# Yay Friday is new bike day



## steven1988 (21 Aug 2018)

I will be taking delivery of my first full sus on Friday, i actually can't wait. 

I've always had SPDs on my CX and Hardtail do i stick with them or go to flats?


----------



## Gary E (21 Aug 2018)

That gearing looks like it could be used to climb a ladder!


----------



## PeteXXX (22 Aug 2018)

Any new bike day is a good day!!
Personally, I use flats on my full sis, and clip in on Road & CX,but it’s up to you to find what suits you best.

Enjoy the day and the bike


----------



## steven1988 (22 Aug 2018)

Gary E said:


> That gearing looks like it could be used to climb a ladder!



My play area is the Peak District hence the 50 on the back.


----------



## steven1988 (22 Aug 2018)

PeteXXX said:


> Any new bike day is a good day!!
> Personally, I use flats on my full sis, and clip in on Road & CX,but it’s up to you to find what suits you best.
> 
> Enjoy the day and the bike



Thanks what shoes are you using something like 5 10s


----------



## BromptonChrispy (22 Aug 2018)

I’m not a very experienced MTBer but been round a couple of trails on my full sus, Llandegla in North Wales and Winlatter in the Lake District. I started with SPDs because I’m very used to clipping in on my road bikes. I had no trouble at all and enjoyed fast climbs because of pulling up on the pedal. It also helped my ability to “lift” the bike when jumping minor obstacles. On occasion though I did find myself unclipping out of sheer uncertainty. I’ve more recently used wide and fairly inexpensive flats with protruding “spikes”. I think they’ll be better with sticky soles (5-10?) though and it’s a wholly different riding experience from SPDs and I can’t cheat - I’ll have to learn to bunny hop properly! Beware those pedal spikes though, I got a nasty cut down my lower calf when I slipped off the pedal - and that was just on a cycle path! Good luck with your choice.


----------



## Pale Rider (22 Aug 2018)

BromptonChrispy said:


> and enjoyed fast climbs because of pulling up on the pedal.
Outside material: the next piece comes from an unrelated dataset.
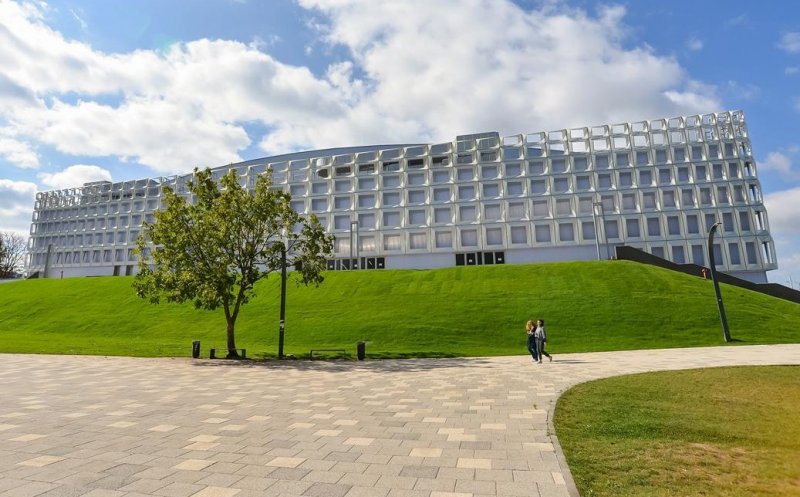 Elevii, studenții și pensionarii  intră gratis la meciul de Cupa Davis România - Maroc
Studies have shown the amount of extra power gained by 'pulling up' is between miniscule and none.

The pedals are linked, so your down stroke pushes your other foot up a lot more than you could ever lift it.

Roadies - these days - use clipless due to the fashion for high cadence, if not, their feet would fly off the pedals.

I can imagine being clipped in helps you throw a mountain bike around.

Of course, there is a reason for using clipless which trumps all others - because the rider likes them.


----------



## PeteXXX (22 Aug 2018)

steven1988 said:


> Thanks what shoes are you using something like 5 10s


I have a pair of Specialzed MTB shoes and leave the blanking plate in the sole.


----------



## Jody (22 Aug 2018)

Nice looking bike. I've almost always stayed with SPD's regardless of where I ride but will switch to flats every now and then. Both have their advantages and dis-advantages so stick with whatever suits you. If the going gets really knarly you might want flats so you can bail easier.


----------



## BromptonChrispy (22 Aug 2018)

Pale Rider said:


> Studies have shown the amount of extra power gained by 'pulling up' is between miniscule and none.
> 
> The pedals are linked, so your down stroke pushes your other foot up a lot more than you could ever lift it.
> 
> ...



I agree and that’s after over twenty five years of “ankling” too, imagining I’m Fausto Coppi, “Il Campionissimo”, dancing up them thar hills (pathetic effort I’m afraid)
All this ankling, pulling etc seems to be the subject of good hard scientific analysis and has few if any benefits. Look at what the research of the last few years has shown about skinny tyres at very high pressures on normal road surfaces.


----------



## Ciar (22 Aug 2018)

Always flats for me on the MTB, much prefer it for those occasions i need to dab a foot  

is that the SRAM model if so, my mate has just bought the same bike and loves it.


----------



## steven1988 (22 Aug 2018)

Ciar said:


> Always flats for me on the MTB, much prefer it for those occasions i need to dab a foot
> 
> is that the SRAM model if so, my mate has just bought the same bike and loves it.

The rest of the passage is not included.